1. self defense (home protection)
2. target shooting...

thanks.


----------



## Stachie (Dec 14, 2006)

I like UMC for plinking and Hydra-Shok for defense.


----------



## Shipwreck (Jan 26, 2006)

CCI Blazer for target practice.

Used to carry Hydrashok ammo in all my 9mms for over 10 years. About a year ago, I saw some ballastic tests for the Winchester Hollow Points U can buy at Wal-Mart in boxes of 50 for the same price of 20 of the other brands. It worked about the same. I was impressed. I've tried some out and like them. Now, except for my P99c, which has my last batch of new hydrashok (I rotate ammo), I have the WWB personal protection hollow points in all of my other guns. 

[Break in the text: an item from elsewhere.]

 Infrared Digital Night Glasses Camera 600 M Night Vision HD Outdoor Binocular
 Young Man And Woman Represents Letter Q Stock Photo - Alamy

Next time I swop out ammo in my P99c, it will be there as well.


----------



## jenglish (Dec 29, 2006)

Target = Winchester White Box

9mm carry = 124gr Speer Gold Dot SOC
40SW carry = 165gr Remington Golden Sabre


----------



## merc308 (Nov 23, 2006)

plinking = winchester or bulk nato ammo

carry = Remington Golden Sabre 124gr


----------